I sat up last night, wondering why I felt so awake at such a horrible time of night. I didn’t have any answers, either. I wasn’t stressing. I hadn’t eaten something horrible just before bed. I’m a teensy bit under the weather still, but nothing unbearable and certainly nothing to keep me up.
I was simply wide awake.
Now I’m not.
I had a great idea for a blog topic this morning, as I was walking in the chill air. I was moving quickly and ideas were bouncing around in my mind. Now the fatigue of no sleep and the dreariness of sitting here at my desk have joined forces and there’s nothing left of that creativity.

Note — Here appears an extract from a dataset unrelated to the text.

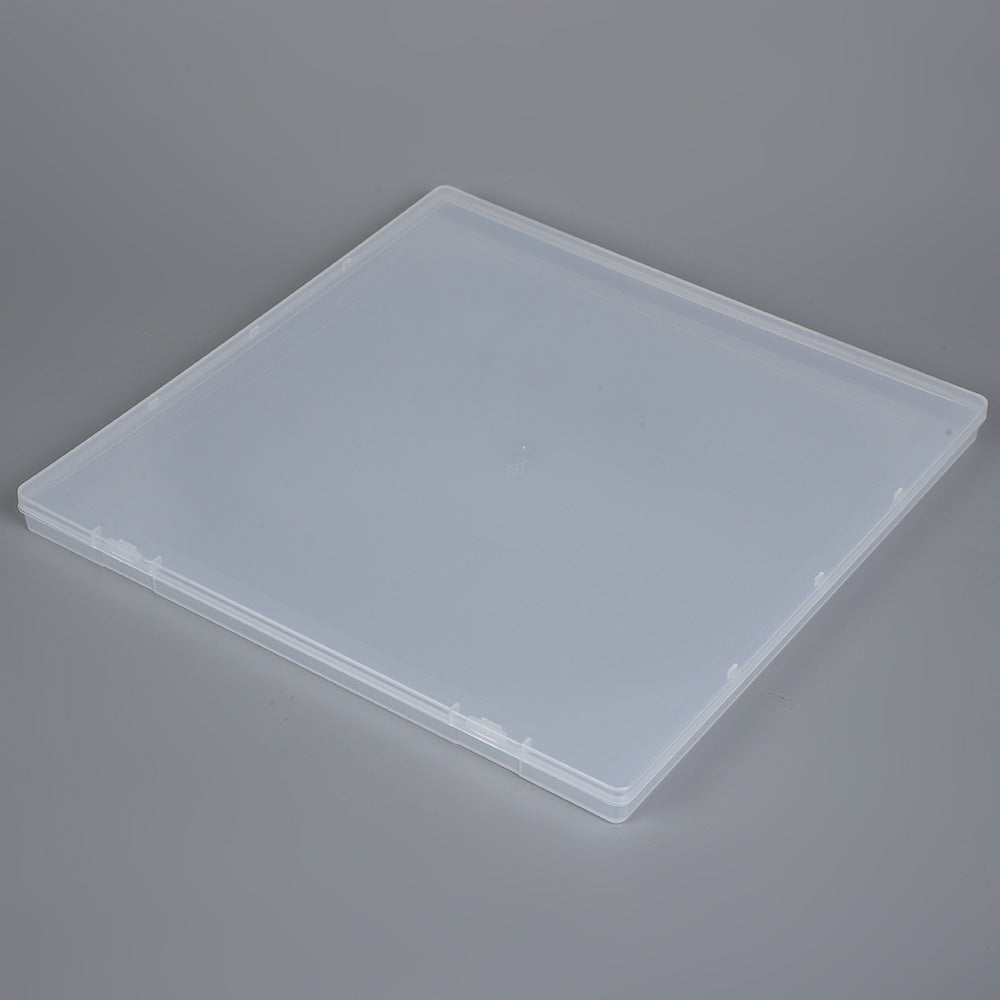 Transparent Modular Storage Container Bowlift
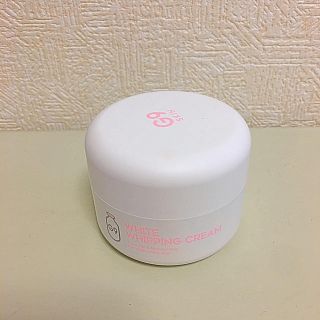 スリーシーイー(3ce)のG9🎀ウユクリーム🎀ホワイト🎀ホイッピング🎀クリーム🎀(化粧下地)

My bright spot today? I got to cuddle the baby on my lunch hour. I gave him his bottle, since he was fussing and building himself up into a tiny-guy rage. He’s growing or teething or just not feeling great in general, meaning that he needs extra loves and attention. So Todd made him a bottle and I sat, rocking him in the big comfy chair. He snuggled into me and sat picking at my shirt with his tiny, precise fingers.

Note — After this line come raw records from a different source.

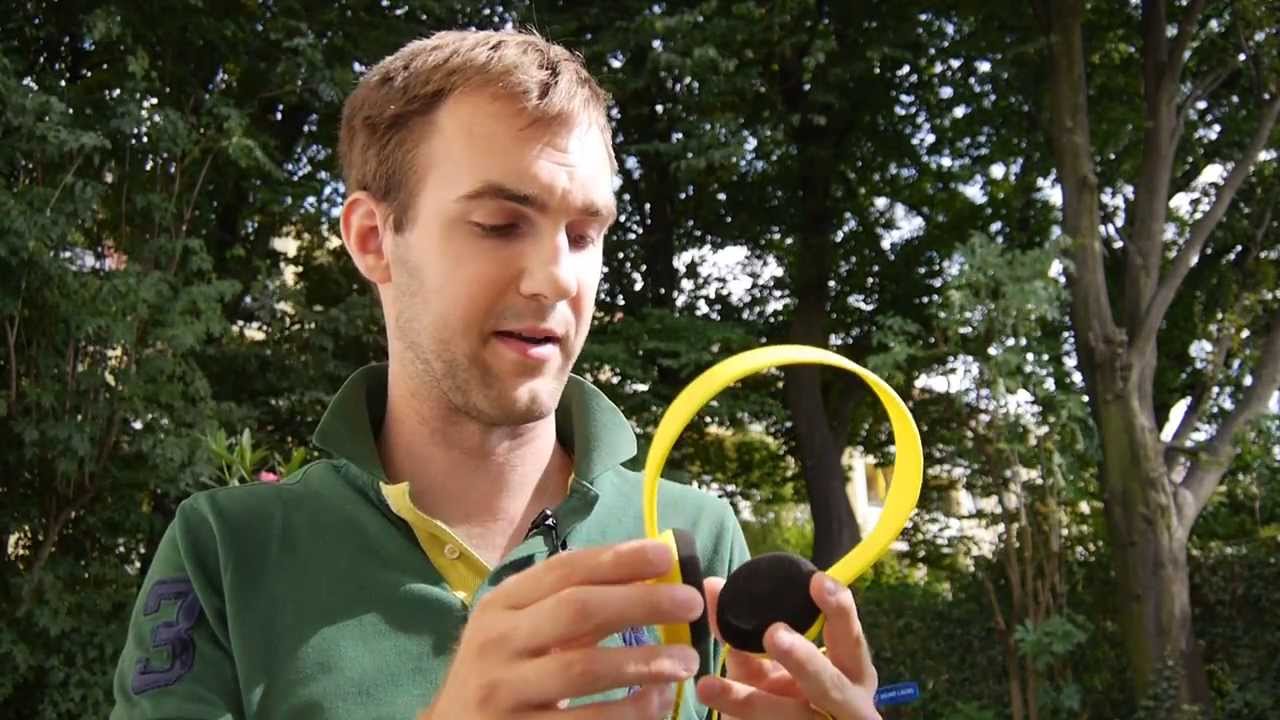 Coloud The Knock Headphones Review - YouTube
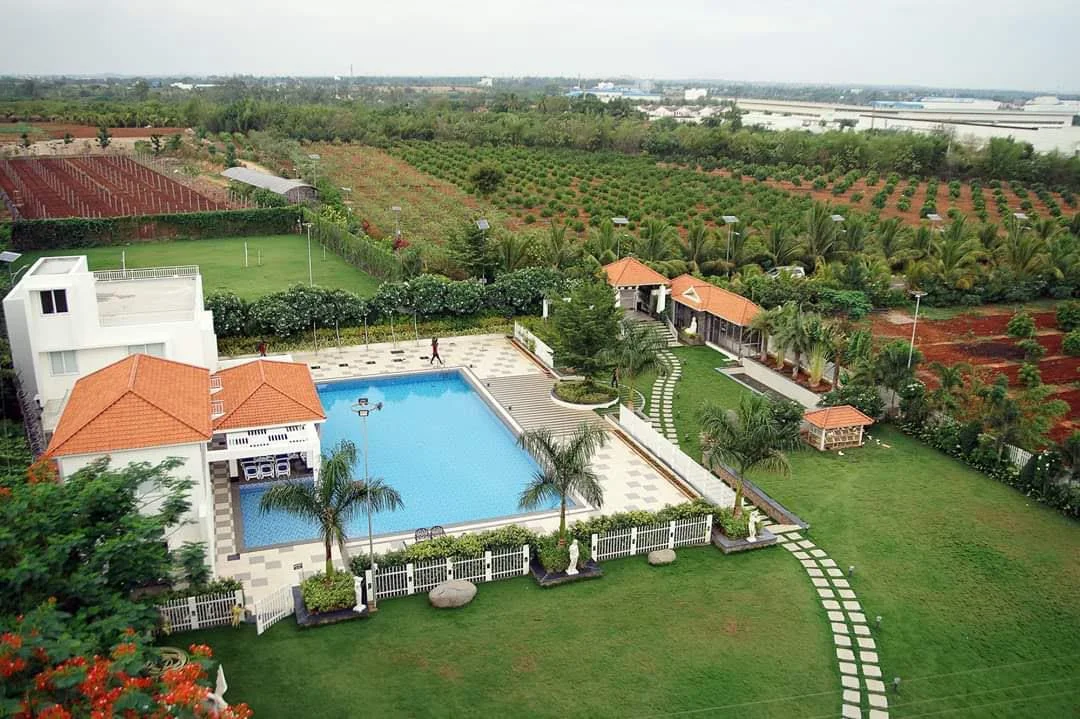 Dr. Raghu Ramaiah Farm House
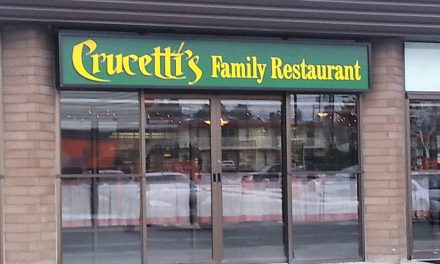 Crucetti’s fire under investigation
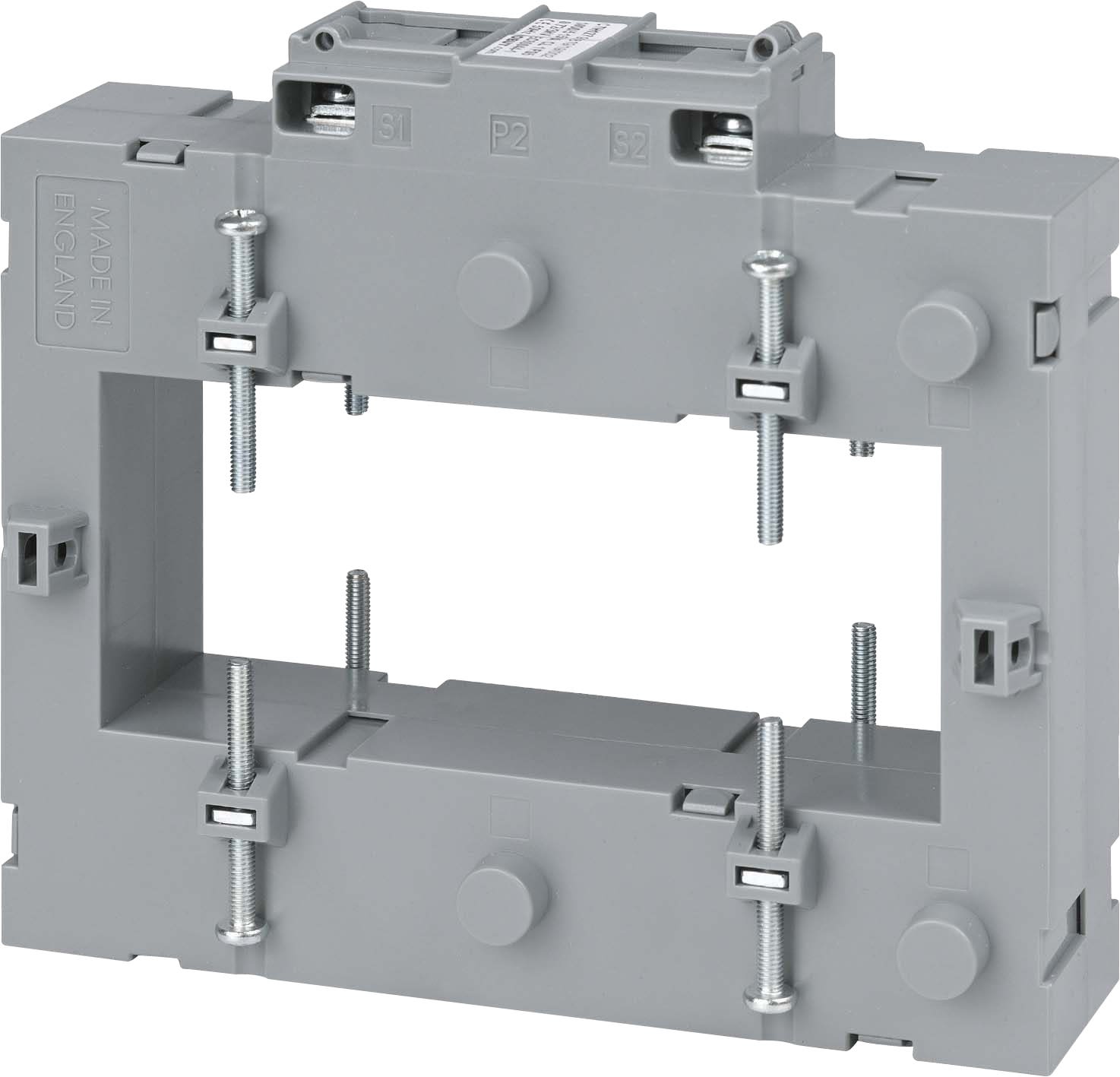 Carlo Gavazzi - Transformateur de courant traversant 2000A/5A taille 53x125mm max Horizontal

After the bottle was done, he leaned over and grabbed my shirt with his two teeth. It’s his habit with me and I wonder what he’s trying to tell me. Once in a while I make the assumption that he’s hungry, but today it had more of the appearance of a small guy just saying hi.
Well, now I’m officially yawning. One of my faculty stopped by and asked if I couldn’t just head home for a nap. Maybe I’ll just bug out a bit early. It’s quiet in here and the stuff I need to do isn’t life and death (as we are told frequently!)…
Here’s the kicker – we have a dinner party to attend at a friends’ home tonight. I’m dead. I’m wiped. This sucks.
Maybe I need to just give it up and head out in about 1/2 an hour.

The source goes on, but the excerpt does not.